A-Level Physics H1 Quiz - Mechanics

Name: ________________________
Class: ________________________
Date: ________________________
Score: _____ / 80
Duration: 90 minutes

Instructions

Answer ALL questions in the spaces provided.
The number of marks for each question or part question is shown in brackets [ ].
You are advised to show all working clearly, including formulas and substitutions.
Where appropriate, take $g = 9.81 \text{ m s}^{-2}$ .
Unless otherwise stated, assume air resistance is negligible.

Section A: Multiple Choice [15 marks]

Answer ALL questions.

1. Which of the following is a vector quantity?

A. Speed
B. Distance
C. Energy
D. Displacement

[1]

2. A ball is thrown vertically upward with an initial speed of $20 \text{ m s}^{-1}$ . What is its acceleration at the highest point of its trajectory? (Take upward as positive.)

A. $0 \text{ m s}^{-2}$
B. $-9.81 \text{ m s}^{-2}$
C. $+9.81 \text{ m s}^{-2}$
D. $-20 \text{ m s}^{-2}$

[1]

3. A car accelerates uniformly from rest to $30 \text{ m s}^{-1}$ in $6.0 \text{ s}$ . What is the distance travelled during this time?

A. $60 \text{ m}$
B. $90 \text{ m}$
C. $120 \text{ m}$
D. $180 \text{ m}$

[1]

4. A $2.0 \text{ kg}$ object moving at $4.0 \text{ m s}^{-1}$ collides with a stationary $3.0 \text{ kg}$ object. After the collision, the two objects stick together and move as one. What is their common velocity after the collision?

A. $1.0 \text{ m s}^{-1}$
B. $1.6 \text{ m s}^{-1}$
C. $2.0 \text{ m s}^{-1}$
D. $2.4 \text{ m s}^{-1}$

[1]

5. A force of $12 \text{ N}$ acts on a body of mass $4.0 \text{ kg}$ on a frictionless horizontal surface. What is the acceleration of the body?

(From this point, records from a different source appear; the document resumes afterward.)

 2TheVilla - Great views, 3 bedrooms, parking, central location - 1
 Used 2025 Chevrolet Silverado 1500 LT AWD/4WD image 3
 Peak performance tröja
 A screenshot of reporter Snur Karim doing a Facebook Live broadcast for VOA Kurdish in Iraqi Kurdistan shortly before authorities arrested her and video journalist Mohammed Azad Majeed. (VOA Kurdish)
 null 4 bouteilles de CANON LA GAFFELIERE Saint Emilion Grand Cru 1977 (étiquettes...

A. $0.33 \text{ m s}^{-2}$
B. $3.0 \text{ m s}^{-2}$
C. $8.0 \text{ m s}^{-2}$
D. $48 \text{ m s}^{-2}$

[1]

6. Which of the following statements about Newton's Third Law is correct?

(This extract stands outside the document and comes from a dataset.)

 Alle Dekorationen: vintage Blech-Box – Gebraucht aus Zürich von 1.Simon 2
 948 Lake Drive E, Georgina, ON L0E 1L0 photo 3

A. Action and reaction forces act on the same body.
B. Action and reaction forces are equal in magnitude and opposite in direction.
C. Action and reaction forces cancel each other out.
D. Action and reaction forces must be contact forces.

[1]

7. A block of mass $5.0 \text{ kg}$ rests on a horizontal table. What is the normal contact force exerted by the table on the block?

A. $0 \text{ N}$
B. $5.0 \text{ N}$
C. $49 \text{ N}$
D. $98 \text{ N}$

[1]

8. A projectile is launched at an angle of $30^\circ$ above the horizontal with an initial speed of $40 \text{ m s}^{-1}$ . What is the horizontal component of its initial velocity?

A. $20 \text{ m s}^{-1}$
B. $20\sqrt{3} \text{ m s}^{-1}$
C. $34.6 \text{ m s}^{-1}$
D. $40 \text{ m s}^{-1}$

[1]

9. A $1.5 \text{ kg}$ ball moving at $6.0 \text{ m s}^{-1}$ strikes a wall and rebounds at $4.0 \text{ m s}^{-1}$ in the opposite direction. What is the magnitude of the change in momentum of the ball?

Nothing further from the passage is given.